Therefore, the application program executes a user instruction
based on the original input voice, so that the application program
can implement the function based on its own recognition result
rather than an undesired result of the voice assistant. As such,
the function required by the user can be implemented more
accurately and quickly, to alleviate the problem in the existing
technology.
In the implementations of the present application, both a voice
assistant and an application program run on a terminal of a user.
The voice assistant can run at an operating system layer of the
terminal, or can run as an upper-layer application of an operating
system. Implementations are not limited. The terminal of the user
can be any device that has a voice input function, a calculation
function, and a storage function, such as a mobile phone, a tablet
computer, a personal computer (PC), a notebook computer, or a
server. Implementations are not limited, either.
In the implementations of the present application, a process in
which the voice function control method is applied to a voice
assistant is shown in FIG. 1, and a process in which the voice
function control method is applied to an application program is
shown in FIG. 2.
Step 110: The voice assistant determines an associated application
program based on a result of recognizing an input voice of a user,
where the associated application program is configured to implement
a function to be used by the user.
After receiving the voice input of the user, the voice assistant
recognizes the voice of the user. If a user instruction does not
involve use of a certain function or if the function to be used by
the user can be implemented by the voice assistant, the voice
assistant replies to the input of the user or executes the user
instruction based on the recognition result. If the recognition
result of the voice assistant is that a user needs to use a certain
function implemented by an application program, the voice assistant
determines the associated application program that implements the
function.
The user can specify, in the input voice, an application program
that the user wants to use. In this case, the voice assistant can
extract an application program name from the result of recognizing
the input voice of the user, and use the application program
(namely, the application program specified by the user in the input
voice) as the associated application program. For example, if the
user says "hail a taxi for me with DiDi" to the voice assistant,
the voice assistant recognizes the application program name "DiDi",
and therefore uses the application program DiDi as the associated
application program.
If the user does not specify, in the input voice, an application
program that the user wants to use, the voice assistant can
determine the function to be used by the user based on the result
of recognizing the input voice of the user, and then determine the
associated application program from application programs installed
in the terminal based on the function to be used by the user. A
method for determining, by the voice assistant, the function to be
used by the user from the recognition result can be implemented
with reference to various existing technologies. For example,
several keywords of each function can be predetermined. If a
certain function keyword is hit in the result of recognizing the
voice of the user, a function that the user wants to use can be
known.
A way of determining the associated application program based on
the function to be used by the user can be determined based on a
demand of an actual application scenario. The following uses two
implementations as examples for description.
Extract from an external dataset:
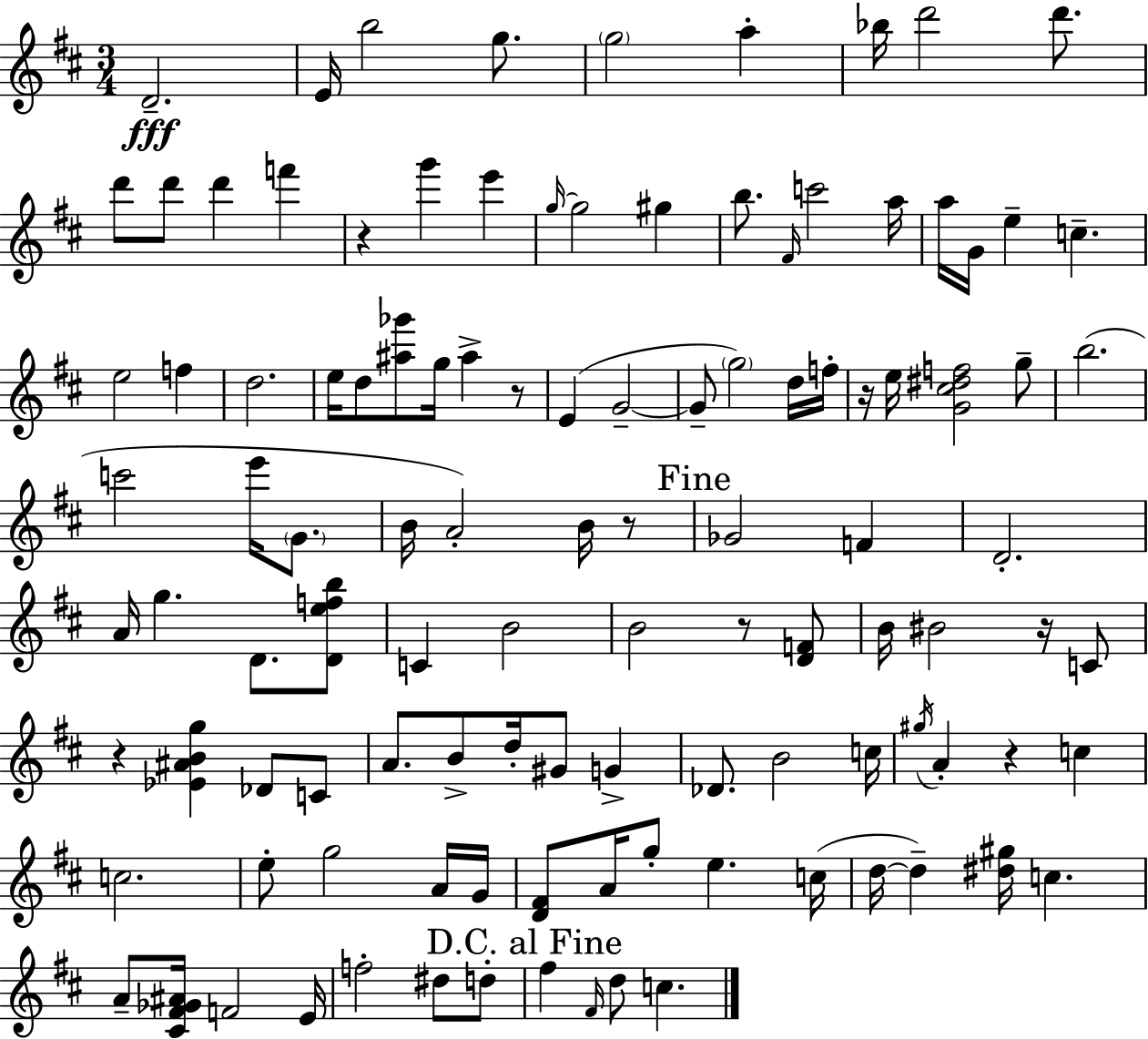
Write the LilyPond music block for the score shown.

In a first implementation, after recognizing the function to be
used by the user, the voice assistant can use one application
program to more application programs that can implement the
function to be used by the user and support voice input in the
terminal as candidate application programs, and display names of
the candidate application programs to the user for selection. After
receiving a selection result of the user, the voice assistant
determines an application program selected by the user as the
associated application program.
In a second implementation, a mapping relationship between a
function to be used and an application program can be maintained in
the terminal. After recognizing the function to be used by the
user, the voice assistant can use an application program that has a
mapping relationship with the function to be used by the user as
the associated application program. In the previous example in
which the function keyword is used to reflect the function to be
used by the user, a table of a mapping relationship between a
function keyword and an application program can be stored in the
terminal. After extracting a function keyword from the result of
recognizing the input voice of the user, the voice assistant can
use an application program that has a mapping relationship with the
function keyword as the associated application program.
In the second implementation, the mapping relationship between a
function to be used and an application program can be set and/or
modified by the user, or can be generated by the voice assistant or
an operating system, or can be generated in both ways.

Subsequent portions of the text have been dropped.